At KPNC, where women with GDM receive calls and letters reminding them of the need for postpartum screening, only 48% overall completed an oral glucose tolerance test at 4-12 weeks post partum, as recommended by both the American Diabetes Association and the American College of Obstetricians and Gynecologists. Both before and after adjustment for education, attendance at a postpartum visit, and other variables, Chinese women were most likely to have screening, and black women were least likely, said Dr. Henderson, referring to ongoing research.
A study Dr. Ehrenthal led of women with GDM or HDP recruited from the postpartum service of a large community-based, academic obstetrical hospital in Delaware showed that while nearly all women attended a 6-week postpartum visit with their ob.gyns., 59% of women with GDM had not yet completed diabetes screening when they were interviewed 3 months post partum.

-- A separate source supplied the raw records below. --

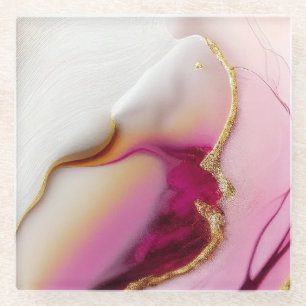 Fuchsia Pink Gold Infusion Glass Coaster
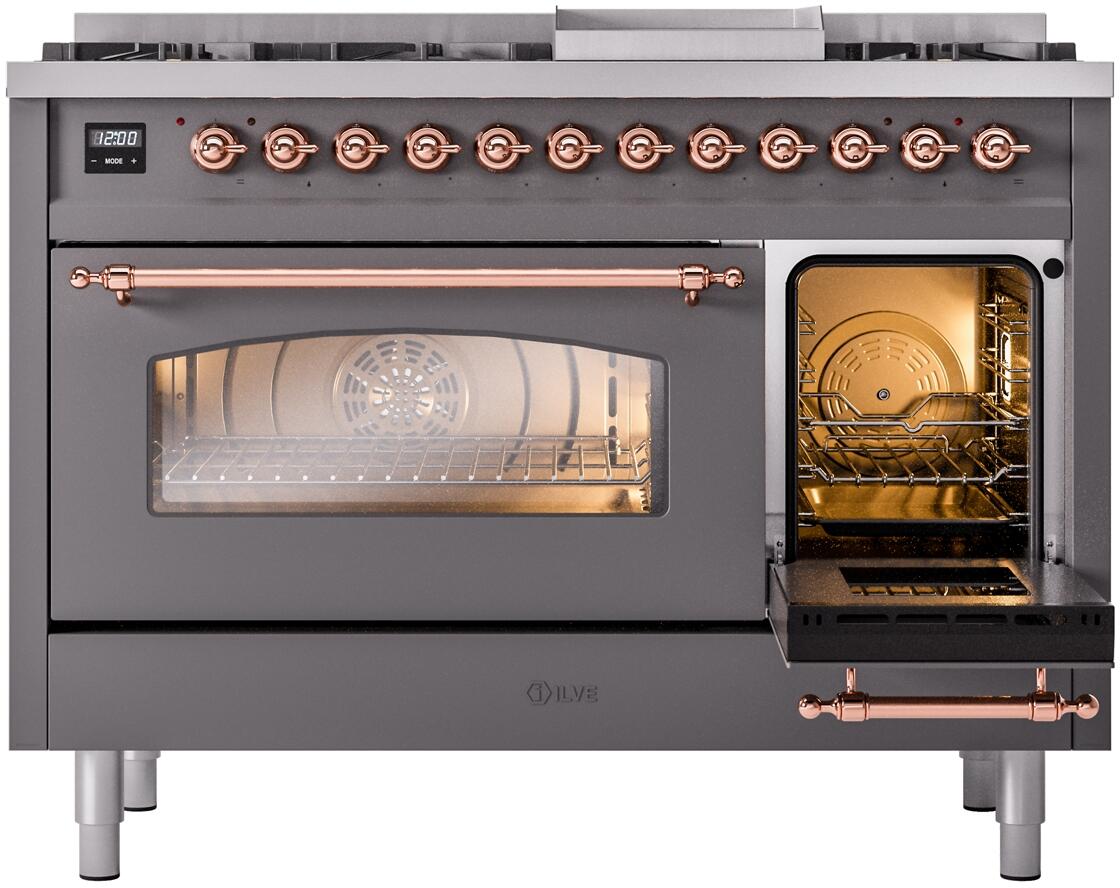 Nostalgie II 48 Inch Dual Fuel Liquid Propane Freestanding Range in Matte Graphite with Copper Trim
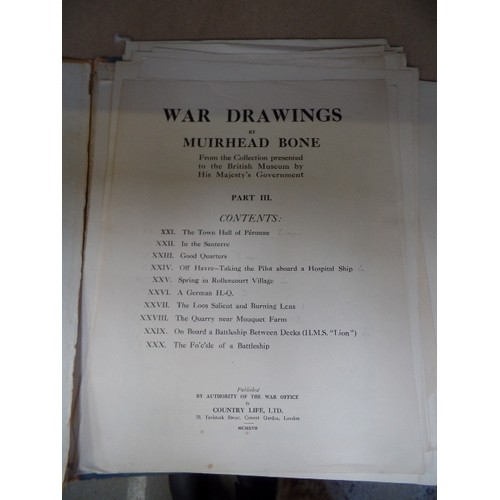 366 - AN ORIGINAL FOLIO OF WW1 LITHOGRAPHIC PRINTS 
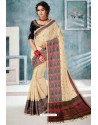 Light Beige Designer Cotton Silk Party Wear Sari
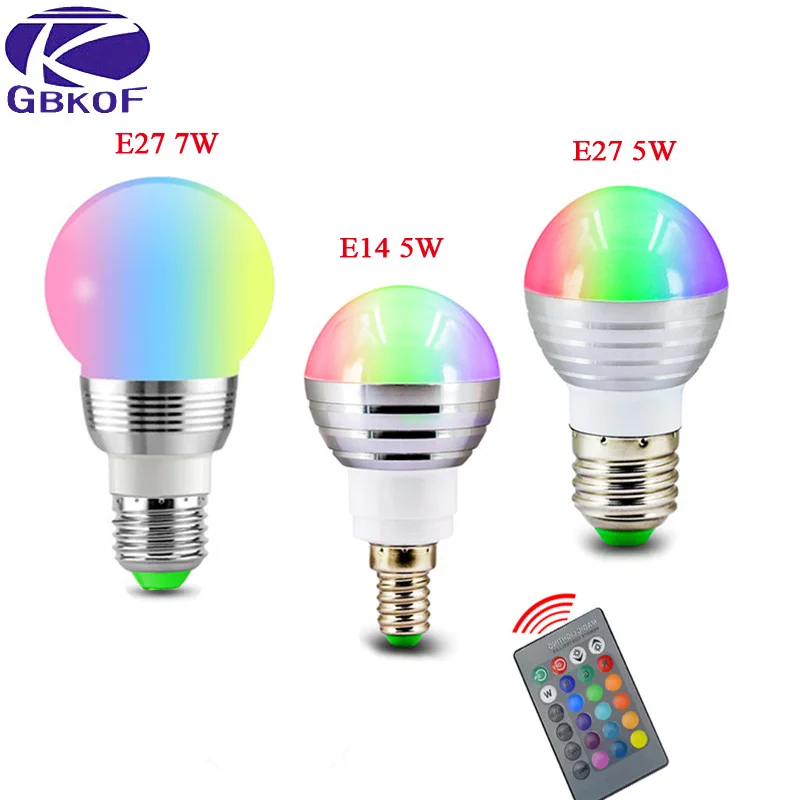 5 Вт/7 Вт RGB Светодиодная лампа E27 E14 85-265 в красочная Точечный светильник Лампочка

Most women with HDP indicated they had follow-up blood pressure testing, and just over half of women with either diagnosis recalled having ever had lipid testing ().
Women least likely to complete screening tests were those who had no college education, those who had less than a high school level of health literacy, and those who were not privately insured, Dr. Ehrenthal said.
A large national study of privately insured women also found low rates of follow-up testing, however. While the majority of women with GDM had a postpartum visit with an obstetrician or primary care physician within a year after delivery, only a minority of women had a glycemic screening test completed ().
“We can’t place the blame on women,” Dr. Ehrenthal said. “We need increased attention to screening,” including screening for cardiovascular disease risk factors, and a “deliberate hand-off to primary care.”
For follow-up cardiovascular disease risk factor assessment after HDP, ACOG recommends periodic (perhaps annually) assessment and referral for treatment as needed, and the cardiology professional organizations recommend that pregnancy history be considered when assessing risk in order to decide on lipid treatment, she noted.
Each of the speakers reported that they have no financial or other interests that pose a conflict of interest. The HAPO Follow-Up Study is funded by the National Institute of Diabetes and Digestive and Kidney Diseases, and the nuMoM2b–HHS study has been funded by several National Institutes of Health institutes and other programs and initiatives.